Shortly after graduating from Harvard, Burden went to the Far East on an expedition to bring back specimens for the American Museum of Natural History which led to the establishment of the Department of Animal Behavior in 1928. He was elected to the Board of Trustees of the museum in 1926. He led expeditions to various tropical islands and the Arctic, but his most well known expedition was to the Island of Komodo in the Dutch East Indies in 1926. Along with his first wife Catherine and their party, he went looking for Varanus komodoensis, a direct descendant of the dinosaur which today is better known as the Komodo dragon. By using sapling traps baited with buffalo meat, Burden was the first "white man" to find and trap the giant lizards who weighed 350 pounds and were approximately 10 feet long. They also collected 3,000 insect and amphibian specimens. Of the three they captured, two of the Komodo dragons were given to the Bronx Zoo, but died soon thereafter and were mounted in the new Hall of Reptiles and Amphibians at the museum.

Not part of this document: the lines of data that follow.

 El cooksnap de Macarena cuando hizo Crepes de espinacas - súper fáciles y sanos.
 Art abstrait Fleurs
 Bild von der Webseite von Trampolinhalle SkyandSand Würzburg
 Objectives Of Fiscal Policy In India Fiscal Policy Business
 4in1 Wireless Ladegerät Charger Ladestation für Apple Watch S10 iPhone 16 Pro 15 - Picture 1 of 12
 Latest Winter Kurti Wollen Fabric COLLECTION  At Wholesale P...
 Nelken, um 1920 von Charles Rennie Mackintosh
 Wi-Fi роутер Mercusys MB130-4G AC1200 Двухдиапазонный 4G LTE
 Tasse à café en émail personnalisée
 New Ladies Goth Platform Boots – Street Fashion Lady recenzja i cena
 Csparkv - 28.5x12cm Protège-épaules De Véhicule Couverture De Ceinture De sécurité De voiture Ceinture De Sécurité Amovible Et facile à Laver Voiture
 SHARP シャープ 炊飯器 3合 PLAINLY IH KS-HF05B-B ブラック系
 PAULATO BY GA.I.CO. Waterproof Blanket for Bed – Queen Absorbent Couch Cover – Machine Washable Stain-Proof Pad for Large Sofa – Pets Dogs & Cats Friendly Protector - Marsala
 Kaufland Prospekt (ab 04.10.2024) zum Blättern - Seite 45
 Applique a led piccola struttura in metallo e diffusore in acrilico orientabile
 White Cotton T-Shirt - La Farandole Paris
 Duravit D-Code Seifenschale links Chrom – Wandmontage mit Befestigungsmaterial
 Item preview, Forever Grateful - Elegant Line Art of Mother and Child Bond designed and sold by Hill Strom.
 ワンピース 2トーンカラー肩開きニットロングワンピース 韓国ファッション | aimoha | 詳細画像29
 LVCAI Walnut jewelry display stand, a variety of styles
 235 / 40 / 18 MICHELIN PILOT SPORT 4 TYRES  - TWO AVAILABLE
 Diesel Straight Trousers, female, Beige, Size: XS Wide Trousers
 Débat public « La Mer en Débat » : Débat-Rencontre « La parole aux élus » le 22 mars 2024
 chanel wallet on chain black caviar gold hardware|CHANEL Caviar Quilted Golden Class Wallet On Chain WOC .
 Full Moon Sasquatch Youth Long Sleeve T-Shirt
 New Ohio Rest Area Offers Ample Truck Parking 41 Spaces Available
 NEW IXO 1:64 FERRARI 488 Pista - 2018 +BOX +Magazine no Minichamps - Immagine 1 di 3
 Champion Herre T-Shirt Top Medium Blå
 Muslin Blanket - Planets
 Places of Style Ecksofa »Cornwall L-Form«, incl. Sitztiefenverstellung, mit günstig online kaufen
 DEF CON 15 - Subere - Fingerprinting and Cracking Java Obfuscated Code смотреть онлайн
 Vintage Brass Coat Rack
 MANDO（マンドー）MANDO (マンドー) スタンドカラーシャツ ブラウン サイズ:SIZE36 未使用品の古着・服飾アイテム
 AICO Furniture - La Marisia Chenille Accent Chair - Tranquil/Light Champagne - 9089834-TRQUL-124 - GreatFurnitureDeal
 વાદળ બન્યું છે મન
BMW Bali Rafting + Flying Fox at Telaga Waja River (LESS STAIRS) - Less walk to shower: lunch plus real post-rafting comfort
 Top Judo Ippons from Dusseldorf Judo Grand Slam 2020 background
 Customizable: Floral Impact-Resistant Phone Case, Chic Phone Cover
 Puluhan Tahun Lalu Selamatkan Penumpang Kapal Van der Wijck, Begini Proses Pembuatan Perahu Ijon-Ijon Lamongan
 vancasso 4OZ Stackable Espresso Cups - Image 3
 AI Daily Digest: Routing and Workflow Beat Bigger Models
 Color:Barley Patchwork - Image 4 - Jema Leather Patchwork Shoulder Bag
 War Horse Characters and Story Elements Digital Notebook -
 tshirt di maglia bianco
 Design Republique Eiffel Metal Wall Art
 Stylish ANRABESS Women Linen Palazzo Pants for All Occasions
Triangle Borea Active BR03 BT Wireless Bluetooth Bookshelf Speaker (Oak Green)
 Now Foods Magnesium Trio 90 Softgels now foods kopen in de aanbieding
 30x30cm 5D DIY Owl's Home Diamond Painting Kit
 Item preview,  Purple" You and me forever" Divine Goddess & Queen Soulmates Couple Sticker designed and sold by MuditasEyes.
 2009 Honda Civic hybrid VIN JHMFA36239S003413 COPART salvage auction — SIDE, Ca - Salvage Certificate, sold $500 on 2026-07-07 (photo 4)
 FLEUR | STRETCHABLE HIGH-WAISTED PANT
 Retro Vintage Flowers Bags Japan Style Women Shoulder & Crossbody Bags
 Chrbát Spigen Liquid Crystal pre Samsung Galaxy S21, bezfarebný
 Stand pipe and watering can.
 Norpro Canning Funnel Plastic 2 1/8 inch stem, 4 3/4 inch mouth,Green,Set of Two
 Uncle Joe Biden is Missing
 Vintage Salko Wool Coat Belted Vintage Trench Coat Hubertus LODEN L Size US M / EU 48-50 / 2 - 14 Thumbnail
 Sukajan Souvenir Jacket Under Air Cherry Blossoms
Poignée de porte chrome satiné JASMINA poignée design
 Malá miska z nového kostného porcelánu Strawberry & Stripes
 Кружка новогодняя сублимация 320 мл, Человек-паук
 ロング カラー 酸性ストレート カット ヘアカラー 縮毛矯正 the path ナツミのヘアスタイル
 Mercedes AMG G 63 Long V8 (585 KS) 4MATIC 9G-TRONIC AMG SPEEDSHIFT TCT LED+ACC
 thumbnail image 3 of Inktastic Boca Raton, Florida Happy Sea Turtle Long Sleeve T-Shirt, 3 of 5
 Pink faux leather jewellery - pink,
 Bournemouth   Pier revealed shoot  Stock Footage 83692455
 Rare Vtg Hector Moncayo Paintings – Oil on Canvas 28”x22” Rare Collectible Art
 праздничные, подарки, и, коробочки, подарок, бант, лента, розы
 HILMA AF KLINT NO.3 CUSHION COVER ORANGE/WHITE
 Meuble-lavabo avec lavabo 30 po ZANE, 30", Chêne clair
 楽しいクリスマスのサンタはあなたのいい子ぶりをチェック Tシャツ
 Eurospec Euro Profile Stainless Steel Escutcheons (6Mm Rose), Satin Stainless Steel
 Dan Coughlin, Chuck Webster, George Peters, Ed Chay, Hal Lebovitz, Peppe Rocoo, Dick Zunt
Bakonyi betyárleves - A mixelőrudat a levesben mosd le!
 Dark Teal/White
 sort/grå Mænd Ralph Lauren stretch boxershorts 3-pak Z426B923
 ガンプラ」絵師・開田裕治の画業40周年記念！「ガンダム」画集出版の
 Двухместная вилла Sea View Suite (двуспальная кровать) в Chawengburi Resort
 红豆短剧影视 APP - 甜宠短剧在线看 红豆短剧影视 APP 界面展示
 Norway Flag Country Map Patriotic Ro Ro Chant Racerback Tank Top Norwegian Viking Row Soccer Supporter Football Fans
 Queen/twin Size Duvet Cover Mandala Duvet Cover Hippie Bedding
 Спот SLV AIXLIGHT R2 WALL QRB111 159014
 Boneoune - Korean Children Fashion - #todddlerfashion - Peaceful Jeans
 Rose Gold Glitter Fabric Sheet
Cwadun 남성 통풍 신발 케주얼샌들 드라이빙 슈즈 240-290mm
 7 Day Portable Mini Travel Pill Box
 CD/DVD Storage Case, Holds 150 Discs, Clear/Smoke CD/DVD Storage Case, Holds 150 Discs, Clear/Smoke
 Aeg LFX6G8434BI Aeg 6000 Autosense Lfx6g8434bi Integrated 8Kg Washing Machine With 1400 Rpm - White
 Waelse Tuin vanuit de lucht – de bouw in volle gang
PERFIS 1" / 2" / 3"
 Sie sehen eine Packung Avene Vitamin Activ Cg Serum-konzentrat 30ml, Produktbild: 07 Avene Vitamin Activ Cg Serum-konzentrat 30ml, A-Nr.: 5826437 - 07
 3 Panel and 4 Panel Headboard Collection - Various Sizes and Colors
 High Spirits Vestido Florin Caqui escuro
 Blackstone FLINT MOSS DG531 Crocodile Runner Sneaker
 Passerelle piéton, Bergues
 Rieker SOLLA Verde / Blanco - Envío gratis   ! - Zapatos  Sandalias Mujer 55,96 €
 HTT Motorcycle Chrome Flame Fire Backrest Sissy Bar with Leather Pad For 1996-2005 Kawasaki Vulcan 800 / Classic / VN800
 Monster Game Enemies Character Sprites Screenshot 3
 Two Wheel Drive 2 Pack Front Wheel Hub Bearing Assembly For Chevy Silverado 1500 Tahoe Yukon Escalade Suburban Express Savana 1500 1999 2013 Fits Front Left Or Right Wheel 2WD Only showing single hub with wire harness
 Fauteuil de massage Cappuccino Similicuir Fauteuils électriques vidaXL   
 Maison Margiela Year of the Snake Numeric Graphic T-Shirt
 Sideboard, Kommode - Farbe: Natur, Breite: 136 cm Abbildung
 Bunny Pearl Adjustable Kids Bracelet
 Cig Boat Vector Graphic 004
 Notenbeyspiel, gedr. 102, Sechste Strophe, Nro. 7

In 1930, he co-wrote and produced, with William Chanler as part of Burden-Chanler Productions, the silent film entitled The Silent Enemy starring Chief Buffalo Child Long Lance. Along with Cornelius Vanderbilt Whitney, Sherman Pratt, and Ilya Andreyevich Tolstoy, Burden founded and served as president of Marineland, one of Florida's first marine mammal parks in St. Augustine, Florida in 1938. The park was conceived as an oceanarium that could be used to film marine life. During World War II, he developed a shark repellent for the U.S. Navy.
Published works
In 1927, he wrote a book about the expedition to Komodo Island entitled The Dragon Lizards of Komodo. Burden's chapter "The Komodo Dragon", in his book, Look to the Wilderness, published in 1956, describes the expedition, the habitat, and the behavior of the dragon. In 1960, Burden wrote Book to the Wilderness.
Personal life
Burden was married three times with his first and second ending in divorce. His first marriage was to Katherine Curtin White, a daughter of Ernest Ingersol White and Katharine Curtin White, in 1924. Her uncle, Horace White, had been Governor of New York in 1910. Before their divorce, they lived at East 72nd Street in Manhattan and were the parents of:
Katharine Sage "Wendy" Burden, who married Walter Denegre Sohier. They divorced and she married the journalist Edward P. Morgan.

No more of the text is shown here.